Susquehanna, River of Dreams by Susan Q. Stranahan Pdf
In Susquehanna, River of Dreams award-winning journalist Susan Q. Stranahan tells the sweeping story of one of America's great rivers – ranging in time from the Susquehanna's geologic origins to the modern threats to its eco-system, describing human settlements, industry and pollution, and recent efforts to save the river and its "drowned estuary," the Chesapeake Bay. The result is a unique natural history of the vast Susquehanna watershed and a compelling look at environmental issues of national importance.

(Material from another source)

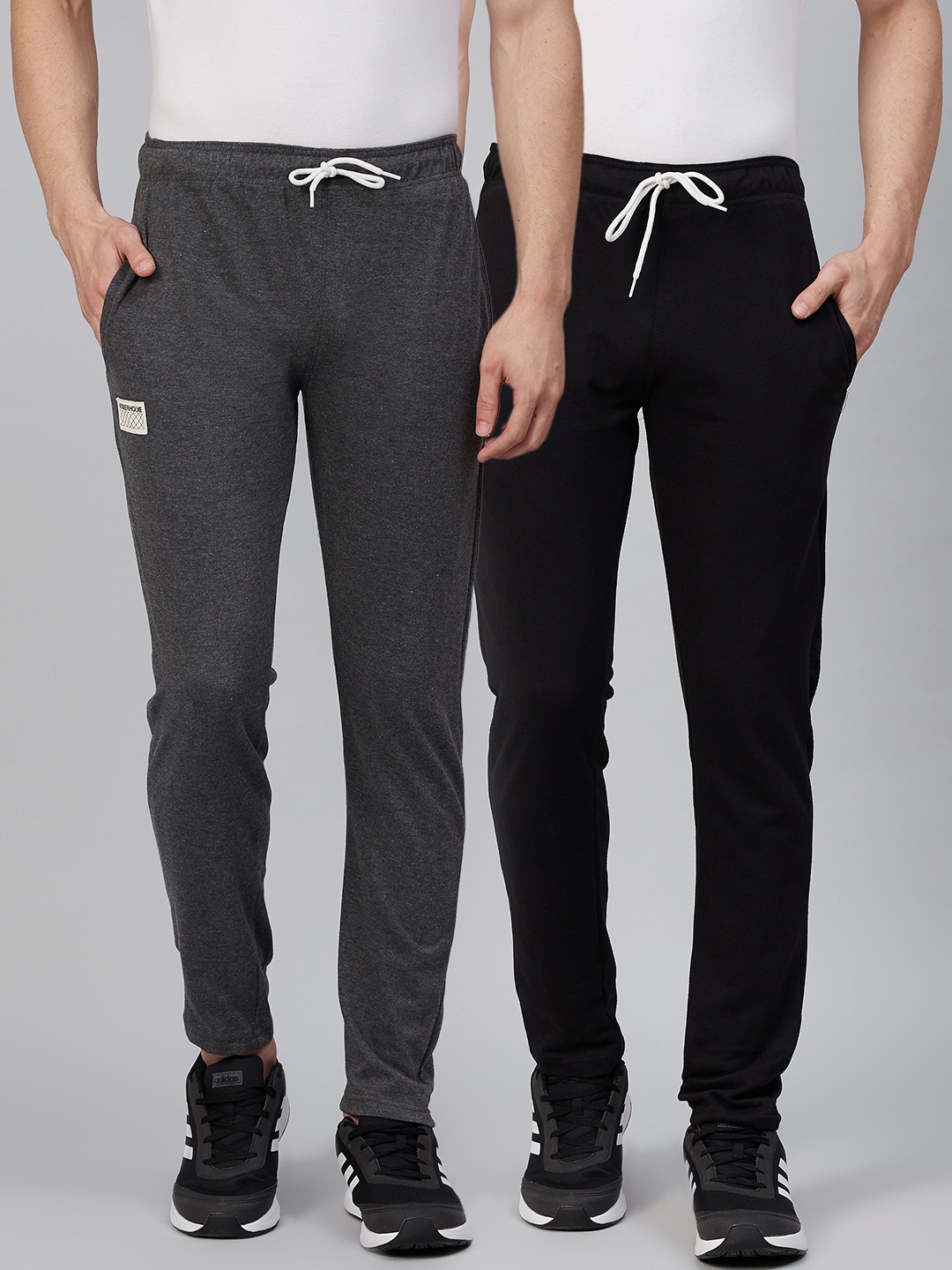 

Hubberholme Men Pack Of 2 Solid Track Pants, Charcoal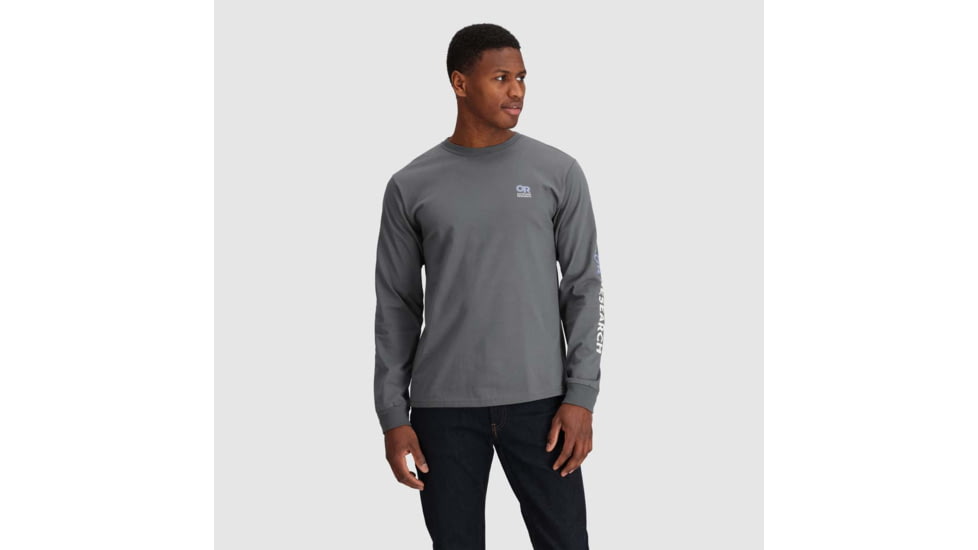 Outdoor Research OR Lockup Chest Logo Long Sleeve Tee, Charcoal/Topaz, Extra Large, 3002252625009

Commerce on Early American Waterways by Earl E. Brown Pdf
Colonial pioneers began entering the logging and forestry industries in great numbers along the Allegheny and Appalachian mountains during the late 1700s and were soon producing more products than they could use. This book details how settlers used waterways to transport goods to coastal markets. Topics include the timeline of water craft construction; major figures in the development of early waterway transportation; types of goods transported; and occupational hazards from raging rapids to snowstorms. The book also features photographs, charts, and diary excerpts and an appendix detailing ark and raft construction. Twenty years of research produced one hundred and fifteen sources, ninety-five percent from historical societies, since large libraries held minimal information on the subject. For the Civil War buffs, chapters 5 through 9 give the "Woodhick's" (Pennsylvania Lumberjack) work ethic that made them a feared fighting force in the Union Army, known as the Bucktails.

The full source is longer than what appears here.